Sreekumar was a 59-year-old farmer from Kerala’s Idduki district who cultivated vegetables, pepper and nutmeg on his small farm. His entire farm—an area of 2.3 acre—was destroyed in the deluge that swept Kerala in August 2018. Idduki was one of the worst-affected areas. Sreekumar’s son, Anoop S, said that his father owed seven lakh to the Federal Bank Limited, a private bank, and Rs 17 lakh to the Idukki District Cooperative Bank, or the IDCB—amounts he had no way of repaying after the loss of his farm. “Both banks had sent a series of repayment notices,” Anoop told me. His father tried to sell their land to pay the loan but he could not find a buyer because it was “declared mudslide prone after the flood,” Anoop said. Unable to repay the loans, Sreekumar consumed poison on 15 January. He died the next day.

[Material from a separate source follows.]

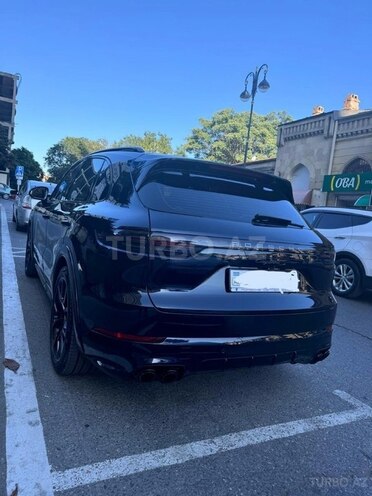 Porsche Cayenne S-3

The 2018 flood was the most severe deluge that Kerala had seen in almost a century. The United Nations pegged the total loss caused by the flood across the state at Rs 31,000 crore, and according to the 2018 Kerala Economic Review report, it resulted in crop losses of over Rs 3,500 crore. On 20 August 2018, the State Level Bankers’ Committee in Kerala, an inter-institutional forum where the government and banks coordinate on matters pertaining to banking developments, approved relief measures for flood-affected areas. The SLBC stated that the crop loss in affected areas was above 50 percent and decided the guidelines for a moratorium on loan-recovery proceedings for loans taken for agriculture, housing and education, among other purposes.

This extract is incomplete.